Daniel: Ich fühle mich tatsächlich wohler in dieser Rolle, nachdem Joakim mich ständig dazu gedrängt hat. Eigentlich tat er das schon seit dem zweiten Album. Weder ich noch er wollten jedoch, dass ich seine Texte singe. Noch war ich im Stande, etwas zu schreiben, was ich in der Öffentlichkeit singen wollte. Dies war so bis zum letzten Album. Dann sass ich mich hin und es fühlte sich ganz natürlich an auch Songtexte zu schreiben. Davor mochte ich einfach nicht, was ich schrieb.

Joakim: Ich freue mich, dass er jetzt auf unseren Shows jetzt zeigt, was er kann. Denn nun hat sich herausgestellt, dass er nicht nur ein begnadeter Songschreiber ist, sondern auch ein mindestens so guter Texter.

In den letzten Jahren standet ihr auf jeder Menge Bühnen und habt von der kleinen Bühne vom Bogen F in Zürich bis hin zum Hurricane so ziemlich jedes europäisches Festival gerockt. Mit eurer langjährigen Bühnenexpertise, wo greifen eure Lieder besser?

Joakim: Ich verstehe dass, Lieder wie On And On sozusagen, Hymnen sind, welche eher für ein grosses Publikum konzipiert sind. Bei unseren Akustikauftritten, wo jedoch nur wir beide auf der Bühne stehen, bevorzuge ich weniger Zuschauer. Es gibt dann einfach eine grössere Interaktion mit dem Publikum. Wir sehen die Leute wirklich und können sie Dinge fragen. So ist der Auftritt kein Monolog mehr sondern ein richtiger Dialog. Durch die Intimität die dabei entsteht, macht es das Ganze manchmal sogar viel verrückter und ausgeflippter als vor grossem Publikum. Diese Woche waren wir schon in Wien in dieser Akustik Formation und es war der absolute Wahnsinn.

Daniel: Beim grossen Publikum gibt es zwar schon auch einen Dialog. Dort ist es jedoch schwieriger etwas, was über „WOHOOOOO“, “ „BOOOH“, „WOHOOOOO“, “ „BOOOH“, hinausgeht, zu kommunizieren.
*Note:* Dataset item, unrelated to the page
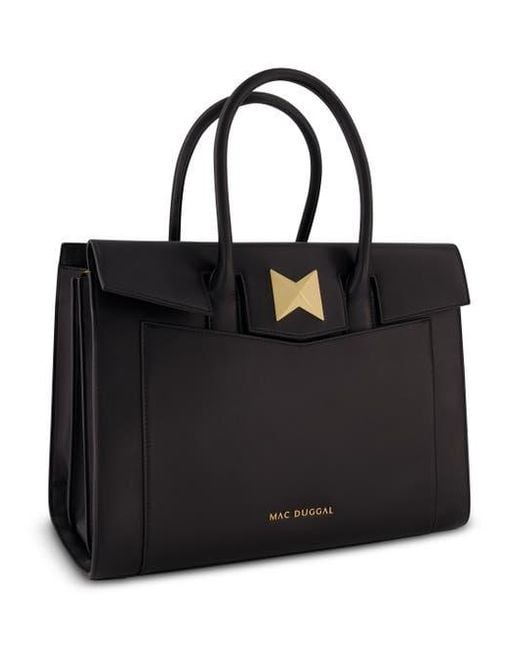 Mac Duggal Black Plated Hardware Large Leather Briefcase Bag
Joakim: Wirst du bei den Auftritten ausgebuht?

Daniel: Nee, das sind denks mehr brunftartige Freudenrufe…

Joakim: Genau.

Eine Dekade Bandgeschichte, in der beide Gründungsmitglieder immer noch dabei sind. Das ist im schnelllebigen Musikgeschäft ja schon fast eine Ewigkeit. Hättet ihr damals, als ihr die Band ins Leben gerufen habt, gedacht, dass ihr heute immer noch touren würdet?
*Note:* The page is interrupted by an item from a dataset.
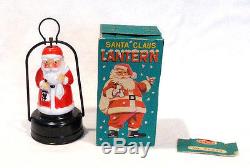 Vintage Amico Battery Light Up Santa Claus Mini Lantern With Box Works 66090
Daniel: Es mag vielleicht seltsam klingen, aber es war uns damals gar nicht richtig klar, was wir da taten, als wir eine Band gegründet haben. Der Gedanke daran musste sich zuerst mal setzen. Mit jedem Album, welches herauskam, mit jedem weiteren Auftritt, wuchsen wir so langsam in die Rolle hinein. Es verlief also alles sehr organisch. Ehrlichgesagt, war das erst der Anfang, die Aufwärmphase. Wir haben noch gar nicht richtig angefangen. Gib uns nochmals 30 Jahre und dann legen wir richtig los.

Werdet ihr also wie die Stones auch noch als Opas auf der Bühne stehen?

Joakim: Genau! Ich kann es mir gar nicht vorstellen, eines Tages nicht mehr auf der Bühne zu stehen.

Den Clip zur Vorabsingle In My Sofa I’m Safe findet ihr hier:

 


 

INFOBOX

My Name Is Friska Viljor erscheint am 12. Juni 2015

Im Herbst kann sich das heimische Publikum wieder auf die beiden Schweden freuen. Am 8. November 2015 sind sie als komplette Formation im Stall 6 zu Gast.